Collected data
* * * * * * * * *

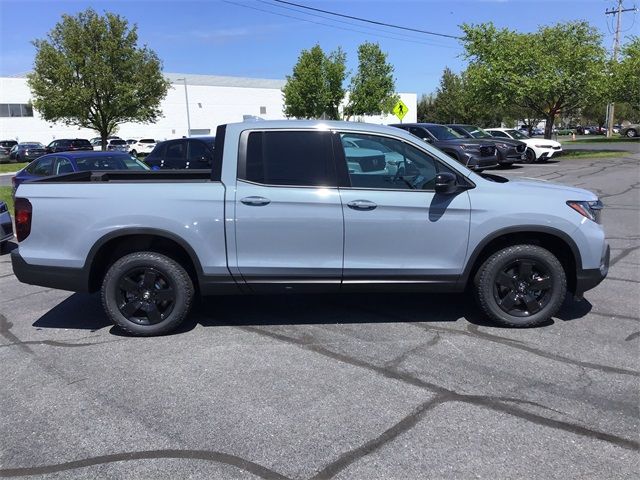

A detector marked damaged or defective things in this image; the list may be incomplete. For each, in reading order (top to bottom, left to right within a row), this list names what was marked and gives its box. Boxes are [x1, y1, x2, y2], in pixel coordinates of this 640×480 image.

crack in asphalt [236, 320, 640, 456]
crack in asphalt [0, 448, 292, 478]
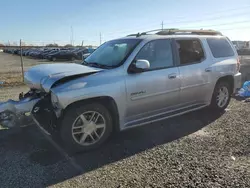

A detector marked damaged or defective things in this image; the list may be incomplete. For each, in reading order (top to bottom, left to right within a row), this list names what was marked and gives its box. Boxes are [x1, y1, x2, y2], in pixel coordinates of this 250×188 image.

front hood damage [23, 62, 101, 92]
damaged suv [0, 29, 242, 153]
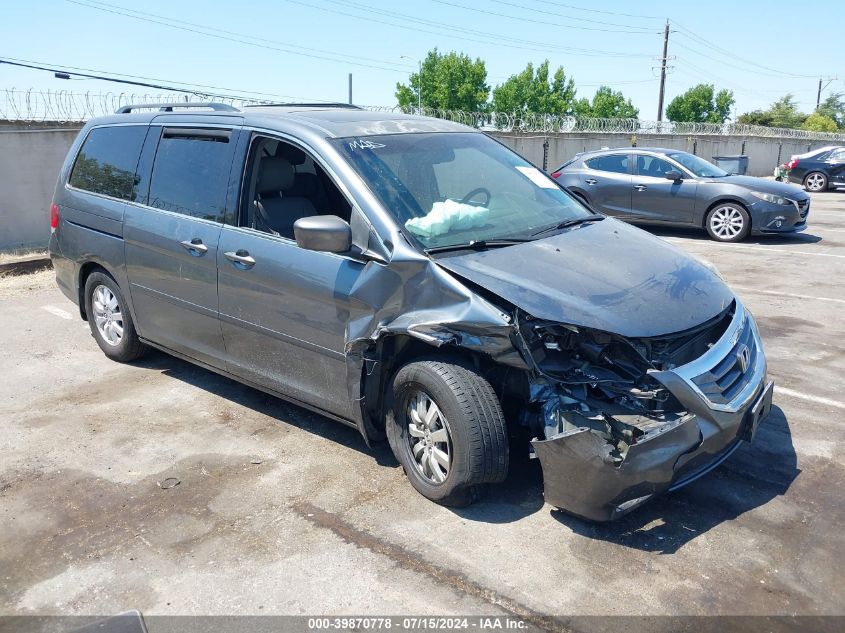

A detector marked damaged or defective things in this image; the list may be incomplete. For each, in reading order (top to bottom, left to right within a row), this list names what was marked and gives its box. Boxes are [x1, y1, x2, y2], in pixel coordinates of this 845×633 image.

crumpled hood [700, 173, 804, 198]
crumpled hood [432, 217, 736, 338]
damaged front end [516, 298, 772, 520]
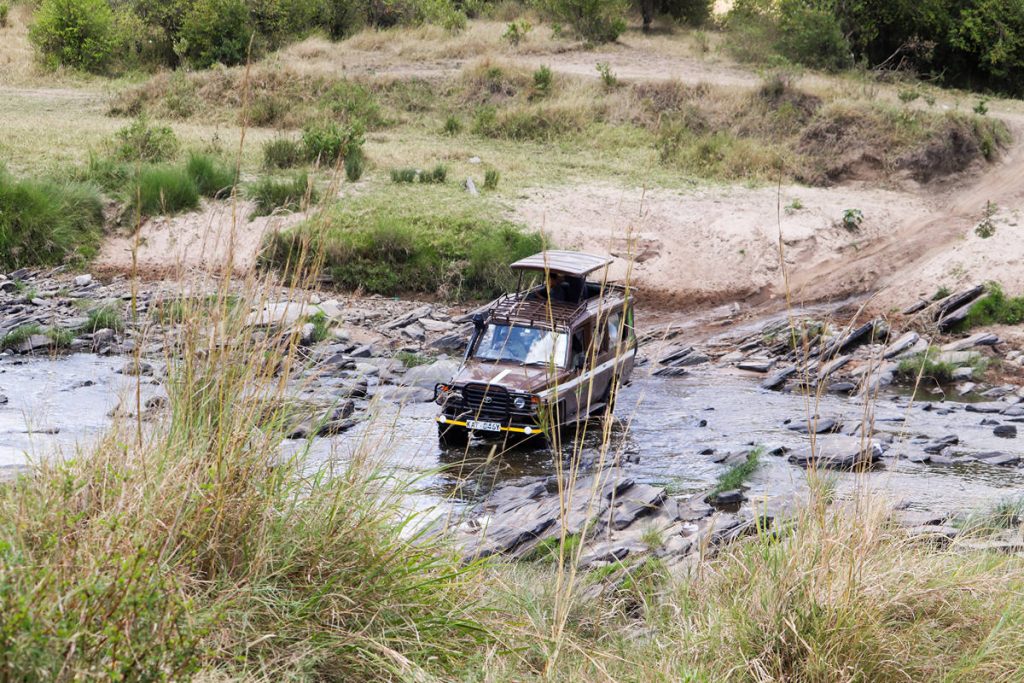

* * * * * * * * *

What you need to do - Extract the run of lines beginning with the line that holds "this 845×633 image." and ending at the last line of the data, inclusive. Exclude any pictures from the copy.

Solution to this problem -
A detector marked damaged or defective things in this image; the list may be incomplete. For each, in reading order (top to bottom, left to right within a row), this list names what was marked and gives its box. Boxes are [x1, y1, x2, y2], in pixel coordinates of this 845×633 image.

crumpled hood [700, 173, 804, 198]
crumpled hood [432, 217, 736, 338]
damaged front end [516, 298, 772, 520]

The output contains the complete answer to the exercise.